- Born: 1975 (age 50–51)
- Education: BA in Fine Art, University of Stellenbosch 1997
- Known for: Painting, Sculpture, Printmaking
- Spouse: Brett Murray
- Awards: 2003 Absa L'Atelier UNESCO-Aschberg Residency
- Website: www.sanellaggenbach.com

= Sanell Aggenbach =

South African artist (born 1975)

Sanell Aggenbach (born 1975) is a South African artist living and working in Woodstock, Cape Town. Using painting, printmaking, and sculpture, her work addresses the relationship between history and private narratives, with a sense of ambiguity. Her work also explores the processes of nostalgia and historical myth-making, often incorporating the playful, disarming, and absurd to draw the viewer into discussions of darker subjects. She has a unique style of combining traditional painting techniques with sculptural elements, as well as typically feminine crafts such as sewing and tapestry.

==Career==
Aggenbach graduated from the University of Stellenbosch in 1997 with a bachelor's degree in Fine Arts.

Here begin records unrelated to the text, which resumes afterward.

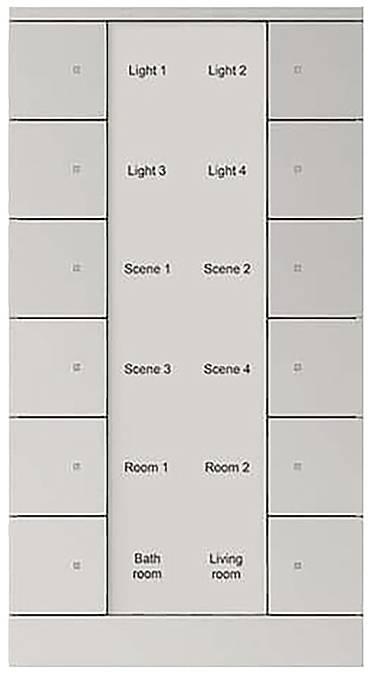 Ein Panel mit 12 Knöpfen, die in zwei Spalten angeordnet sind. Links: Licht 1, Licht 3, Szene 1, Szene 3, Raum 1, Badezimmer. Rechts: Licht 2, Licht 4, Szene 2, Szene 4, Raum 2, Wohnzimmer.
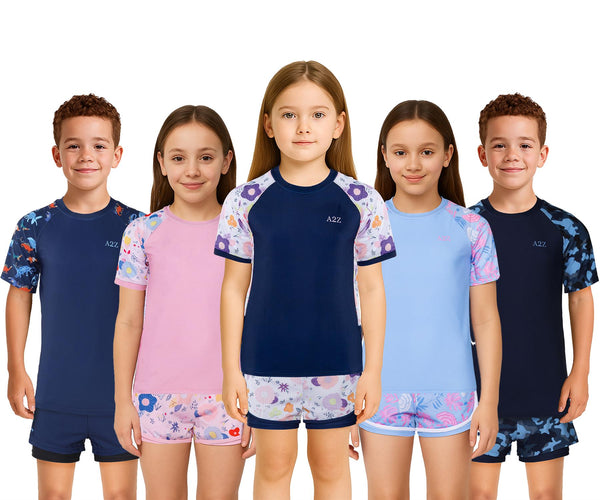 Kids Girls Boys 2PC Rash Guard Swim Set Shorts Suit Quick Dry Swimsuit 2-14 Yrs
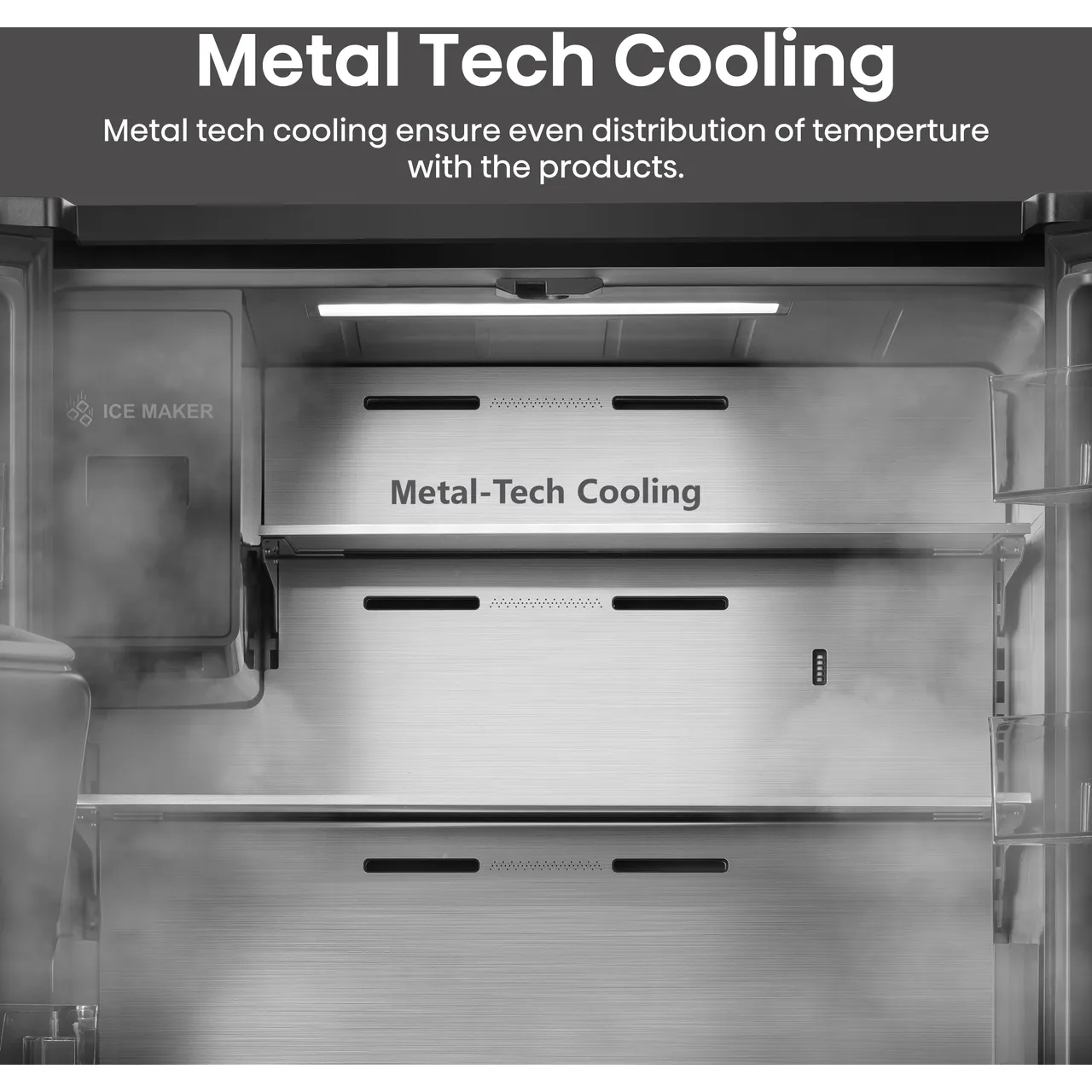 Hisense PureFlat RQ760N4SBFE Non-Plumbed Total No Frost American Fridge Freezer - Black Stainless Steel - E Rated (EX-DISPLAY/B)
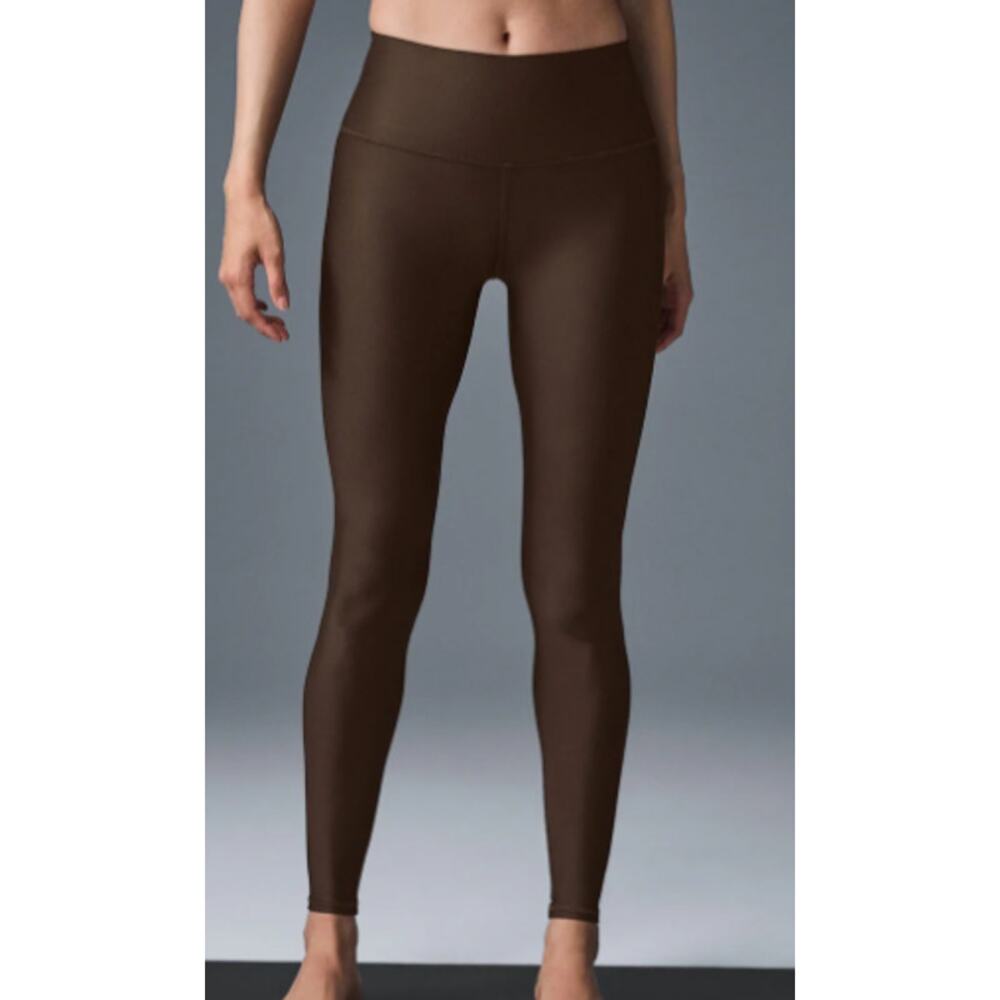 Alo High-Waist Airlift Brown Espresso Performance Legging Full Length Small Nwot View 2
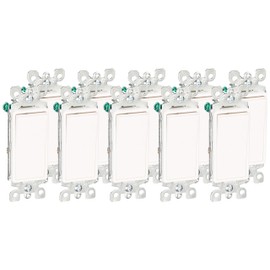 Leviton 5603-2W 15 Amp, 120/277V, Decora Rocker 3-Way AC Quiet Switch, Residential Grade, Grounding, 10 Pack, White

Although now a full-time artist, Aggenbach was a lecturer from June 2000– March 2004 at the Cape College in Graphic Processes, Two-Dimensional Design and Drawing. Her work is represented in the Spier Collection, Anglo Gold South Africa, Sasol Art Museum, the Sasol Collection, and the Hollard Collection.

===Solo exhibitions===
- 2013: 'Familia Obscura', Brundyn +, Cape Town
- 2011: 'Some Dance to Remember Some Dance to Forget', Blank Projects, Cape Town
- 2009: 'Graceland', Gallery AOP, Johannesburg
- 2008: ' Sub Rosa', João Ferreira Gallery, Cape Town
- 2007: 'Perfectly Still', Absa Gallery, Johannesburg
- 2006: 'Blues and Greys', Art on Paper Gallery, Johannesburg
- 2005: 'Fool's Gold', Bell-Roberts Contemporary, Cape Town
- 2005: 'Hoogwater/High Tide', KKNK, Oudtshoorn
- 2003: 'Blank', AVA Gallery, Cape Town
- 2001: 'From a Netherworld', Bell-Roberts Gallery, Cape Town
- 2000: 'Northern Ladies', Art Konsult, New Delhi, India
- 1998: 'An Imitator', AVA Metropolitan Gallery, Cape Town

===Group exhibitions===
- 2011: 'Alptraum', Deutscher Kuenstlerbund, Berlin, Germany
- 2010: 'Twenty', contemporary public sculpture, Nirox, Johannesburg
- 2008: 'Print '08: Myth, Memory and Archive', Bell-Roberts Gallery, Cape Town
- 2007: 'Arcadia', AVA Gallery, Cape Town
- 2007: 'Turbulence', Hangar-7, Salzburg, Austria
- 2007: Spier Contemporary, Stellenbosch
- 2006: '20 Artists 06'. Contemporary printing, Bell-Roberts Gallery, Cape Town
- 2005: 'Sweet Nothings', new photographic work, Bell-Roberts Gallery, Cape Town
- 2004: '40 Years', University of Stellenbosch, Sasol Art Museum
- 2004: '2nd Spier Outdoor Sculpture Biennial', Stellenbosch
- 2003: 'Picnic', Bell-Roberts Gallery, Cape Town
- 2003: Brett Kebble Art Awards
- 2003: 'ABSA L'Atelier', Johannesburg
- 2003: 'YDESIRE', Castle of Good Hope, Cape Town
- 2002: 'Autogeographie', Millennium Gallery, Johannesburg
- 2002: 'Spier Outdoor Sculpture Biennial', Jan Marais Nature Reserve, Stellenbosch
- 2001: 'Micro/Macro', South African Printmakers at the Xchanges Gallery, Victoria, British Columbia (Canada)
- 2001: 'ABSA L'Atelier', Johannesburg.
- 2001: 'Aarsel/ Waver', KKNK, Oudshoorn

==Notable works==

===Some Dance To Remember Some Dance To Forget===
A 2011 series of monotype prints that pay tribute to iconic images and albums from rock music history. Through these prints, Aggenbach offers a critique of African er identity, focusing on the generation inspired by the post-punk musicians.

===Graceland===
A 2009 exhibition at Gallery AOP inspired by a trip to Elvis's home in Memphis, Tennessee, exploring what it means to be Afrikaans.

===Sub Rosa===
A 2008 body of work referencing tampered photographic film, which blurs the distinction between the imagined accuracy of photography and the inaccurate or misleading nature of painting.